Despite triple digit heat that peaked at 108 degrees during the afternoon, The American Cancer Society hosted a Relay For Life of Riverbank event on Saturday, June 8 at Cardozo Middle School in Riverbank. Opening ceremonies started at 8:30 a.m. Saturday to bring everyone together to celebrate the lives of those who have battled cancer and the 24-hour event ran into Sunday, June 9.
First time event chair Vickie Stone had several duties and responsibilities.
“I learned a lot,” expressed Stone. “It was worth every bit.”
The event was a success even though they fell short of the monetary goal that was set by the American Cancer Society. They had over 100 people participate in their event and 14 different teams, both a much larger number than the 2012 relay. They also raised over $12,000 through this year’s Relay For Life, which was more than they did last year as well. Final totals won’t be known, however, until all the bills are paid and money for this year’s event can be turned in until the end of August.
The relay event is filled with several different ceremonies and activities. Oakdale resident Jeff Hood gave a speech and stated that he considers himself a floater, noting that he attends Relay events in the area to show his support for the cause. Hood started participating in Relay 11 years ago in Oakdale.
“I see more people wearing purple shirts than when I first started,” said Hood.
Any person wearing a purple shirt symbolizes a cancer survivor. The cancer survivors walk a Survivor’s Lap at 9 a.m. to music while spectators applaud and cheer. The lap is to celebrate them and winning the fight against cancer.
“The survivors are so appreciative of everything we do for them and for the event,” said Stone. “One of them thanked me and gave me a big hug. That made it all worth it to me.”
Raquel Castro is a cancer survivor that battled thyroid cancer for 16 years and breast cancer for six. She gave a speech during the opening ceremonies and is part of a Relay team out of Manteca, which also brought its team to Riverbank to take part.
“Cancer is everywhere, it affects everyone in one way or another,” said Castro. “It is worth fighting against.”
The cancer survivors also received a medal after they completed the opening lap. Longtime Riverbank residents Richard Martinez and cancer survivor Hope Serrano grabbed a seat in the shade after the lap.
“Everybody should get involved because you never know when it’s going to happen to you,” said Serrano.

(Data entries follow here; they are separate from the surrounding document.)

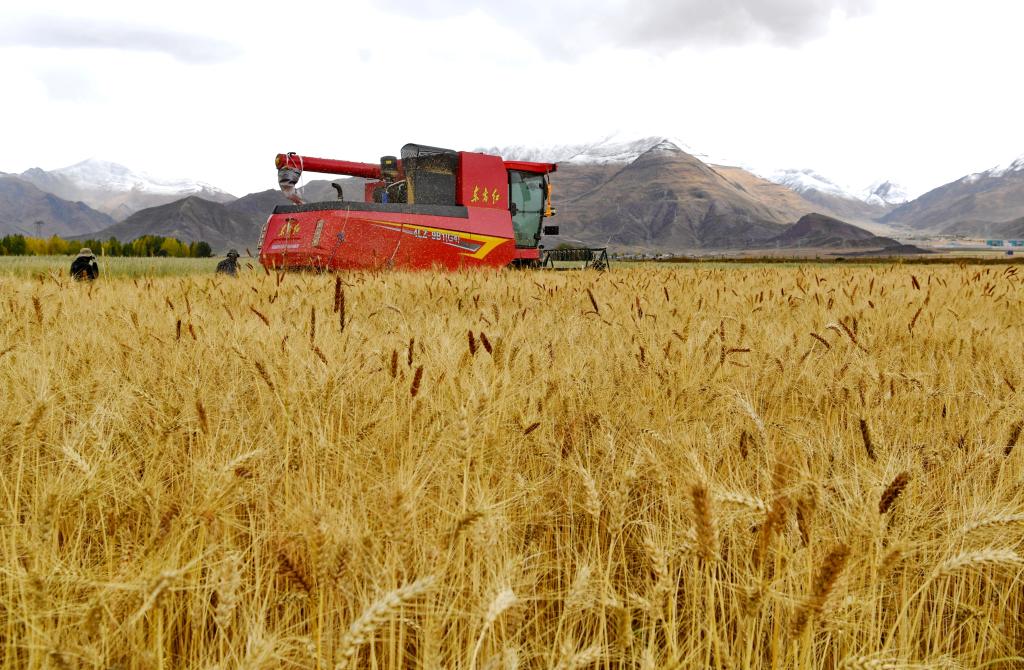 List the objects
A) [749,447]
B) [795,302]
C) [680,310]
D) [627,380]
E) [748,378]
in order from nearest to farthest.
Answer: [749,447]
[627,380]
[748,378]
[680,310]
[795,302]

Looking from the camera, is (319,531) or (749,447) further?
(749,447)

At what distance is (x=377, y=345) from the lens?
2422 millimetres

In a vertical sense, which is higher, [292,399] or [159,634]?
[292,399]

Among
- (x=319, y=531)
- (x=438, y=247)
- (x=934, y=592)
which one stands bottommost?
(x=934, y=592)

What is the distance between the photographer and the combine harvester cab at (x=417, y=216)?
8484 millimetres

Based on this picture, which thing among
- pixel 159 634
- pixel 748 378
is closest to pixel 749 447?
pixel 748 378

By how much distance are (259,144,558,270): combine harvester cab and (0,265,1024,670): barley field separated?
599 cm

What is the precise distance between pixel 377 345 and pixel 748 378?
1.39 meters

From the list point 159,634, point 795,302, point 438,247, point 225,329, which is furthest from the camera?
point 438,247

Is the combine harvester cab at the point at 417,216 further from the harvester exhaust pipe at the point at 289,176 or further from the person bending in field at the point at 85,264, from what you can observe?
the person bending in field at the point at 85,264

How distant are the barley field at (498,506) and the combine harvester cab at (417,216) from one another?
5.99m

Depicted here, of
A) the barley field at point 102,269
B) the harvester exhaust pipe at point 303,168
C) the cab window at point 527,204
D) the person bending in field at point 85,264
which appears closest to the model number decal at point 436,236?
the harvester exhaust pipe at point 303,168

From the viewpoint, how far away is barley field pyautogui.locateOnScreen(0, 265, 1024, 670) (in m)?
0.96

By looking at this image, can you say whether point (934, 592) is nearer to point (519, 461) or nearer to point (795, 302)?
point (519, 461) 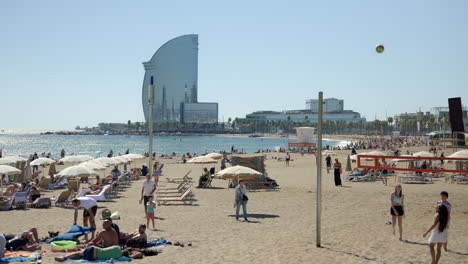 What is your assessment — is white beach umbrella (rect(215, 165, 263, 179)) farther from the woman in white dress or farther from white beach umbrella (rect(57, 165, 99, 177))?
the woman in white dress

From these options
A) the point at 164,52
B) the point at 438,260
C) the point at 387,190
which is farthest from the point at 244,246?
the point at 164,52

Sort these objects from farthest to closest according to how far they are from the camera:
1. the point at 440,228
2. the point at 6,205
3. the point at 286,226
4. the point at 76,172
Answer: the point at 76,172
the point at 6,205
the point at 286,226
the point at 440,228

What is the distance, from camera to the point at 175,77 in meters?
174

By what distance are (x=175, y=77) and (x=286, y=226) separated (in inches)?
6533

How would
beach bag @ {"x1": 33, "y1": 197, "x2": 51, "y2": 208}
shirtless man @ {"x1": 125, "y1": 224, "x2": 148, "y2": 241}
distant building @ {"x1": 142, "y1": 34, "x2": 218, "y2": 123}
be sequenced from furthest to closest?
distant building @ {"x1": 142, "y1": 34, "x2": 218, "y2": 123}, beach bag @ {"x1": 33, "y1": 197, "x2": 51, "y2": 208}, shirtless man @ {"x1": 125, "y1": 224, "x2": 148, "y2": 241}

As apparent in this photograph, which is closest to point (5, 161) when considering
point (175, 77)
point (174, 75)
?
point (174, 75)

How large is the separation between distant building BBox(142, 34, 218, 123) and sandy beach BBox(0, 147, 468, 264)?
15018 cm

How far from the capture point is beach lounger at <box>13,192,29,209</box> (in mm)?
13367

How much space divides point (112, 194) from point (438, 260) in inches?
482

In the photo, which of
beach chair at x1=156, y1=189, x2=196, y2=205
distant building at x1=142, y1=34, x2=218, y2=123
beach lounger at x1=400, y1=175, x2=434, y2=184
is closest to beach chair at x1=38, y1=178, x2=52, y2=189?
beach chair at x1=156, y1=189, x2=196, y2=205

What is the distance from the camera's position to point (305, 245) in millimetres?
8859

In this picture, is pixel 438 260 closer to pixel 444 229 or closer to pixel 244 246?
pixel 444 229

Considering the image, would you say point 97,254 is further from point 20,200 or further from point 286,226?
point 20,200

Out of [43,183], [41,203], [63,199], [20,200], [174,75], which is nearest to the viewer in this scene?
[20,200] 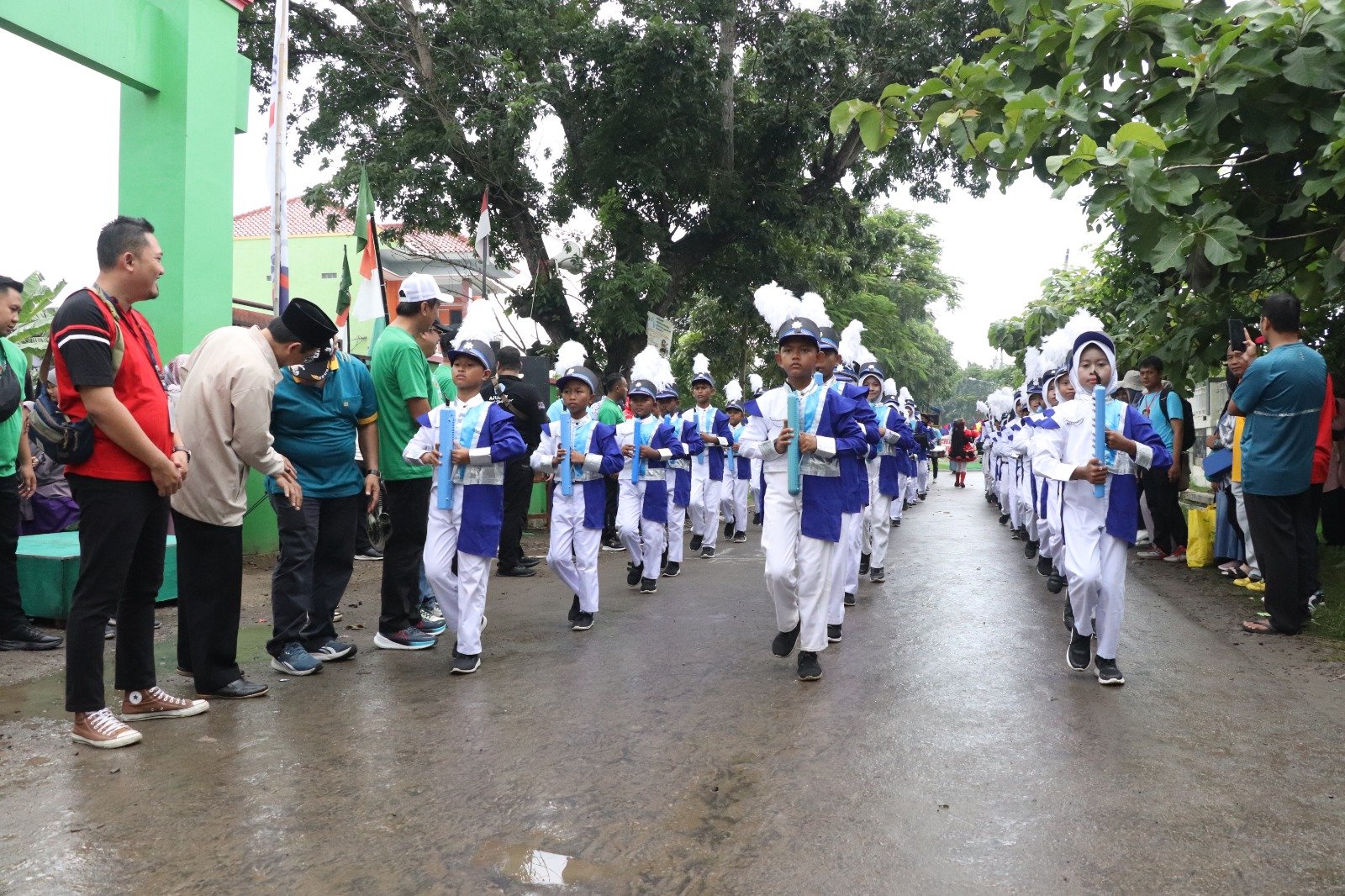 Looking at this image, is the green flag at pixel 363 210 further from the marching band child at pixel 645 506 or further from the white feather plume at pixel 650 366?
the marching band child at pixel 645 506

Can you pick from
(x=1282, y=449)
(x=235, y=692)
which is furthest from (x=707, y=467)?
(x=235, y=692)

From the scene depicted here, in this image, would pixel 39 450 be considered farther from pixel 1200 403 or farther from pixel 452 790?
pixel 1200 403

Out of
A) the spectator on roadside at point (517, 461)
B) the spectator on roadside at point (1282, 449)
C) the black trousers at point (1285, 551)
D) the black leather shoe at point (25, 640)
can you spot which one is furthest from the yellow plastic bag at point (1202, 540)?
the black leather shoe at point (25, 640)

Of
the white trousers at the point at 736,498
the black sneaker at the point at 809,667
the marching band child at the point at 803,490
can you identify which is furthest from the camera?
the white trousers at the point at 736,498

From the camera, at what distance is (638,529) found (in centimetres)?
959

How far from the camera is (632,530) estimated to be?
31.2 feet

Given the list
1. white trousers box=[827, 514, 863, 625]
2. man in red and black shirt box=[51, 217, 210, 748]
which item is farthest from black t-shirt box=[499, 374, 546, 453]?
man in red and black shirt box=[51, 217, 210, 748]

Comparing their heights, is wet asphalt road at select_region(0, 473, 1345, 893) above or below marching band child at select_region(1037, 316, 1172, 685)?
below

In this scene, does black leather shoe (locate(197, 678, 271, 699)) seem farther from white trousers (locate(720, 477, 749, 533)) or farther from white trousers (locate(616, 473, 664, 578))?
white trousers (locate(720, 477, 749, 533))

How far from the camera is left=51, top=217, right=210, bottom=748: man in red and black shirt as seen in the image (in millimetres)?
4414

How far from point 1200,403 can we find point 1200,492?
4.61ft

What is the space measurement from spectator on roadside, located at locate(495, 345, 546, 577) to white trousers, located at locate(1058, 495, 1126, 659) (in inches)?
215

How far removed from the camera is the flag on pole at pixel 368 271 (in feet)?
36.7

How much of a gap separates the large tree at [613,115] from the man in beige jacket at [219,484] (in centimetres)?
1230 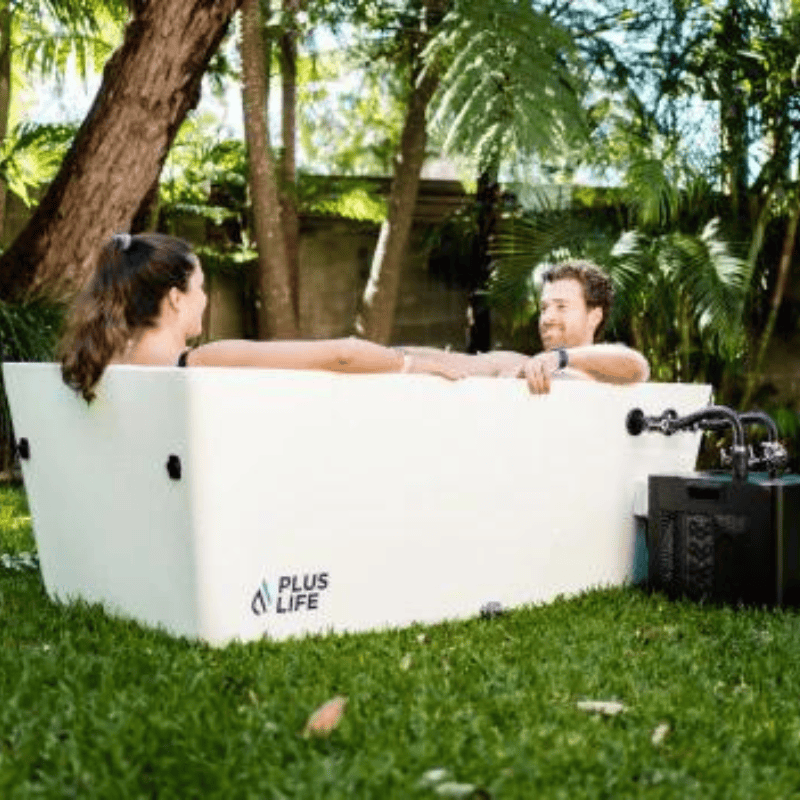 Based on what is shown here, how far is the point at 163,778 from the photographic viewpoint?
159cm

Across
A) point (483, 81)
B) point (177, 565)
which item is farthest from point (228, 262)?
point (177, 565)

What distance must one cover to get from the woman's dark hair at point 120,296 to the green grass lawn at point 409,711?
0.54 metres

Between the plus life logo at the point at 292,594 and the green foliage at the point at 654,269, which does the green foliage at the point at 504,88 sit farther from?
the plus life logo at the point at 292,594

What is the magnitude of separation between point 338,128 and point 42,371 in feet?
25.0

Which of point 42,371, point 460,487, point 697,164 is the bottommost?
point 460,487

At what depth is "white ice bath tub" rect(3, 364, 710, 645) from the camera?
2238 mm

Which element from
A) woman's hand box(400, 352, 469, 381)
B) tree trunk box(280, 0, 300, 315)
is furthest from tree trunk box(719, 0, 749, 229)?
woman's hand box(400, 352, 469, 381)

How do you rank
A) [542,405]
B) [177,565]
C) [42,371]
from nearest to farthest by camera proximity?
Result: [177,565] < [42,371] < [542,405]

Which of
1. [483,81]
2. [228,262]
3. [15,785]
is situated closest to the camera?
[15,785]

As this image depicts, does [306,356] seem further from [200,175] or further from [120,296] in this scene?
[200,175]

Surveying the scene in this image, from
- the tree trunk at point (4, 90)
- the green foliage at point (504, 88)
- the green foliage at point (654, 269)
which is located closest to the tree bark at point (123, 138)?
the green foliage at point (504, 88)

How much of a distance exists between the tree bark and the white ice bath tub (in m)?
1.86

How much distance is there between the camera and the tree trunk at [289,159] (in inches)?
236

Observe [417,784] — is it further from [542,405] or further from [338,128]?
[338,128] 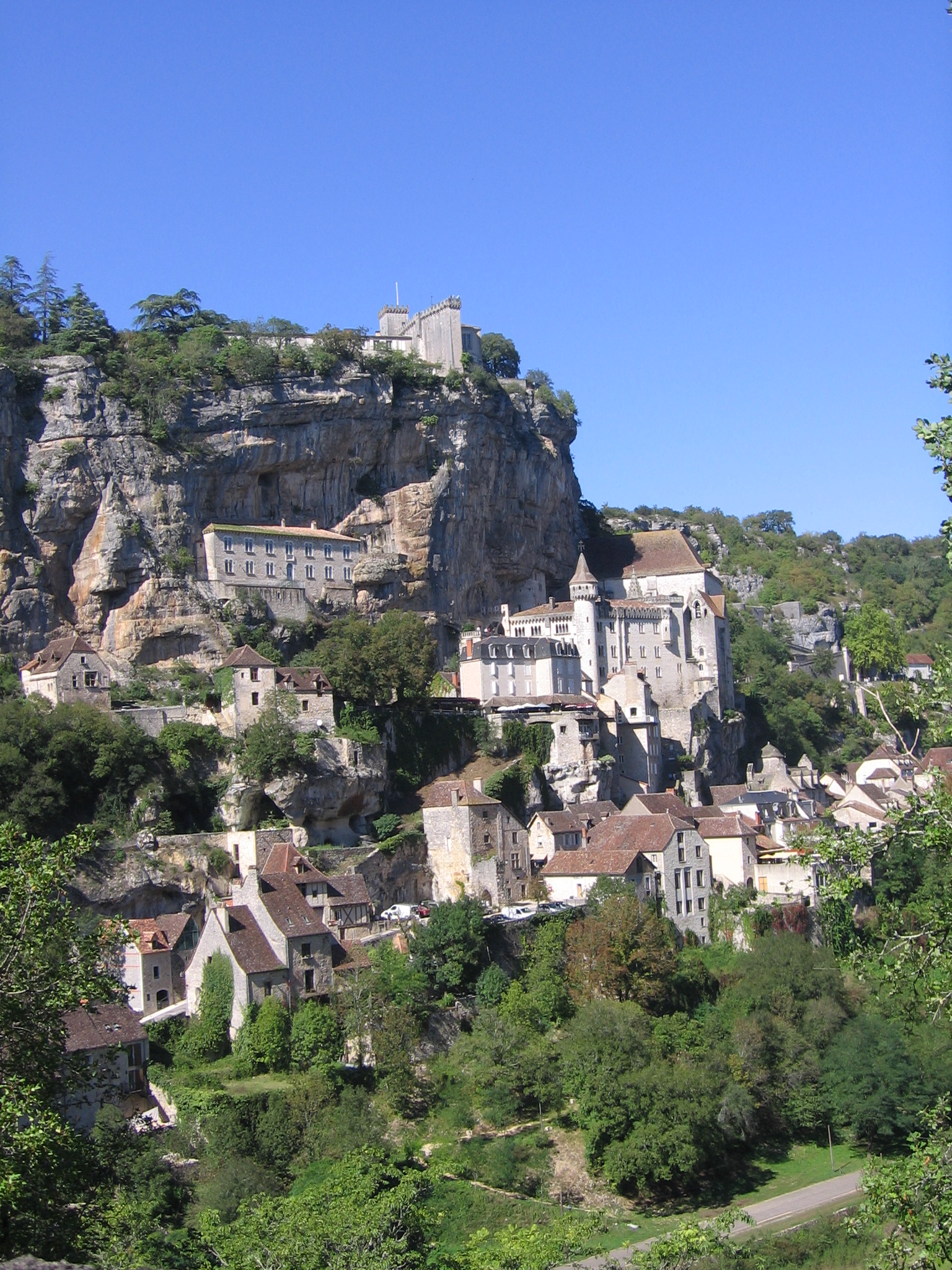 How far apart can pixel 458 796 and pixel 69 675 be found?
16683 millimetres

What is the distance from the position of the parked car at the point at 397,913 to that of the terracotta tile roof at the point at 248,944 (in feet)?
22.4

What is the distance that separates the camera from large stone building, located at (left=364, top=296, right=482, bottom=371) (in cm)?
8300

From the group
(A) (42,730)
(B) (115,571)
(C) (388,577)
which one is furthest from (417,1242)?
(C) (388,577)

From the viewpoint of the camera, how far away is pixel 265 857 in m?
50.5

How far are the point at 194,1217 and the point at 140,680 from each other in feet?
92.7

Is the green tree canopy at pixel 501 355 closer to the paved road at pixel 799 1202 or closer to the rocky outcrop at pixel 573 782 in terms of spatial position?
the rocky outcrop at pixel 573 782

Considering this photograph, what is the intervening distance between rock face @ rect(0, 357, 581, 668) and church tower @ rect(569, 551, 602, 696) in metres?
5.82

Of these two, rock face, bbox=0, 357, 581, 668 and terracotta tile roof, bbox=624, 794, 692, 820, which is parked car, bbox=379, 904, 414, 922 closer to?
terracotta tile roof, bbox=624, 794, 692, 820

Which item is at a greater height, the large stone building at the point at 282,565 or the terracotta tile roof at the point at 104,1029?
the large stone building at the point at 282,565

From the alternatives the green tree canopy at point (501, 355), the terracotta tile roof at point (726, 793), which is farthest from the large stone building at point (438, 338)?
the terracotta tile roof at point (726, 793)

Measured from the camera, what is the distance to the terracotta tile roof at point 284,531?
222 ft

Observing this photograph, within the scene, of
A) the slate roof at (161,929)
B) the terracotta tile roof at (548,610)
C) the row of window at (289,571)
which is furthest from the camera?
the terracotta tile roof at (548,610)

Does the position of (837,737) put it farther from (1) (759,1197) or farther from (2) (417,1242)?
(2) (417,1242)

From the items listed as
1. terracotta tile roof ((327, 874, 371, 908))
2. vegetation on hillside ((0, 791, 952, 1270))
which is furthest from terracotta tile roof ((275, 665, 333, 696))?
vegetation on hillside ((0, 791, 952, 1270)) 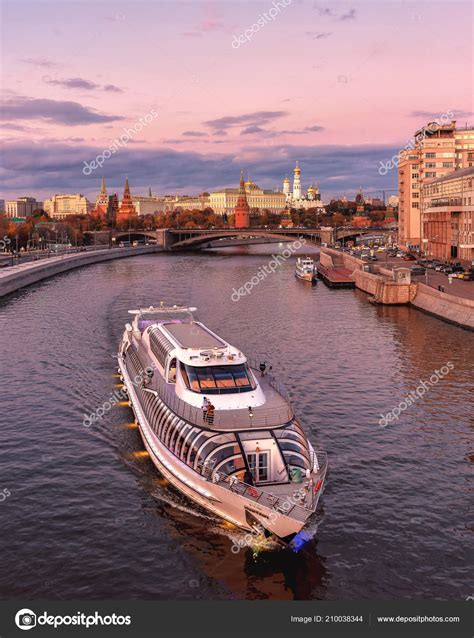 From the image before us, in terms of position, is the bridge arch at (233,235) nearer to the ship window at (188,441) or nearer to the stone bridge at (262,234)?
the stone bridge at (262,234)

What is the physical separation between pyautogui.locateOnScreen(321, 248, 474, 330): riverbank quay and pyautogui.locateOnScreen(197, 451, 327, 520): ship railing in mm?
38017

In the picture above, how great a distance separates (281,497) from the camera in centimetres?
2031

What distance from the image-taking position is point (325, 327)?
59219 millimetres

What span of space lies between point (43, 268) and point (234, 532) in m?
88.4

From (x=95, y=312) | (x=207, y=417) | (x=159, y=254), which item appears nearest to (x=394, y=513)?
(x=207, y=417)

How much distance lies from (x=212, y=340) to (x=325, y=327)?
28941 millimetres

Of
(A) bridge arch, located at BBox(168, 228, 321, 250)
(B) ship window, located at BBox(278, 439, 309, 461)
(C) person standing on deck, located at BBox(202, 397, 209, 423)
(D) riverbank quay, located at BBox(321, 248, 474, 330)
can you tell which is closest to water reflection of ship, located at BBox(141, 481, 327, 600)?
(B) ship window, located at BBox(278, 439, 309, 461)

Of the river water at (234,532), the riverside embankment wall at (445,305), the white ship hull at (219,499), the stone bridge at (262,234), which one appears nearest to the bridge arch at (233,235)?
the stone bridge at (262,234)

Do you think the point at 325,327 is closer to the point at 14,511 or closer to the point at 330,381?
the point at 330,381

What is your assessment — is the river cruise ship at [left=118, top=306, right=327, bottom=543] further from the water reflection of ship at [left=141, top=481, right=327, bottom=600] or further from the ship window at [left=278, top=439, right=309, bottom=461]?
the water reflection of ship at [left=141, top=481, right=327, bottom=600]

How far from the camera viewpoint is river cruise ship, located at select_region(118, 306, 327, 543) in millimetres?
20328

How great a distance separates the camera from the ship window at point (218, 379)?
2538cm

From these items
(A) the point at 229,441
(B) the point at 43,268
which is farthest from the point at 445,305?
(B) the point at 43,268

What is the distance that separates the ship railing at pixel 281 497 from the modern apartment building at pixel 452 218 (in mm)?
68496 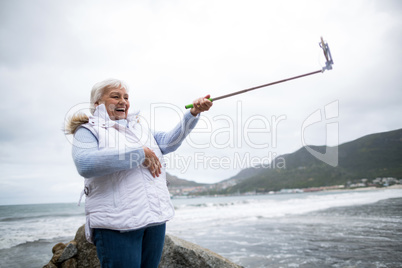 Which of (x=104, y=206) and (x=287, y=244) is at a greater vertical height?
(x=104, y=206)

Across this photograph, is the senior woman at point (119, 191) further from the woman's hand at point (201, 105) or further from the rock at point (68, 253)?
the rock at point (68, 253)

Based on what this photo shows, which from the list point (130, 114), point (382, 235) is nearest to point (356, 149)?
point (382, 235)

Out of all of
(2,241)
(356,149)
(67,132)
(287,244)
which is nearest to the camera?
(67,132)

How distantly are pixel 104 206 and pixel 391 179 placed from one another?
92204mm

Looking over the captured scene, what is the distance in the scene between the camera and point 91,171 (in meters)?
1.32

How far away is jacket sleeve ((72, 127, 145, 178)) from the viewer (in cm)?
132

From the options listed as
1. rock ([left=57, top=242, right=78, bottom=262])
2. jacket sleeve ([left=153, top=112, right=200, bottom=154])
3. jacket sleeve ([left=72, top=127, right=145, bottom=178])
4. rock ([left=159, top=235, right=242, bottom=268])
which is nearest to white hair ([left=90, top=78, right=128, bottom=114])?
jacket sleeve ([left=72, top=127, right=145, bottom=178])

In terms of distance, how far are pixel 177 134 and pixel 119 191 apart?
702 millimetres

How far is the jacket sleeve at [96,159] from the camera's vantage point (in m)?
1.32

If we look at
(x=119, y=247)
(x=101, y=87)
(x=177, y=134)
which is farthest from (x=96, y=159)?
(x=177, y=134)

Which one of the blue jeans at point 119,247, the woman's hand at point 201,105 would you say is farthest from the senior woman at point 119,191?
the woman's hand at point 201,105

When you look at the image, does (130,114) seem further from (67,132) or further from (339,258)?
(339,258)

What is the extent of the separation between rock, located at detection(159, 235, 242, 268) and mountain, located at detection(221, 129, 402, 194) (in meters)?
86.6

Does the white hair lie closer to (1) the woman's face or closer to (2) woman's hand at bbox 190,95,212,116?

“Make sure you keep praying,” added Martinez.
Team Anita’s Angels had a booth set up filled with goodies. They were serving breakfast and had lunch items and snacks available ranging from hot dogs, chips, super nachos, sno cones, candy and cupcakes.
Jakkie Arellano from Manteca brought her ‘Capture Life’s Moments’ booth to the Riverbank Relay to show their support. The side of their booth had a nice background where you could have your picture taken with a Polaroid and then you could decorate the print for a small fee.
The Warriors for Juan team had a booth set up where you could create your own necklace with beads, getting a bead for each lap completed around the track during the event. The Cruising for a Cure team had a variety of items available like bracelets, crocheted headbands, candy, cake pops, neck coolers, and chips and salsa. Elizabeth Vigil was the team captain, Juan Vigil was her uncle who passed away after battling lymphoma. She said though she decided to get involved late in the game, just about two weeks before the event, she was glad to have a team in honor of her uncle.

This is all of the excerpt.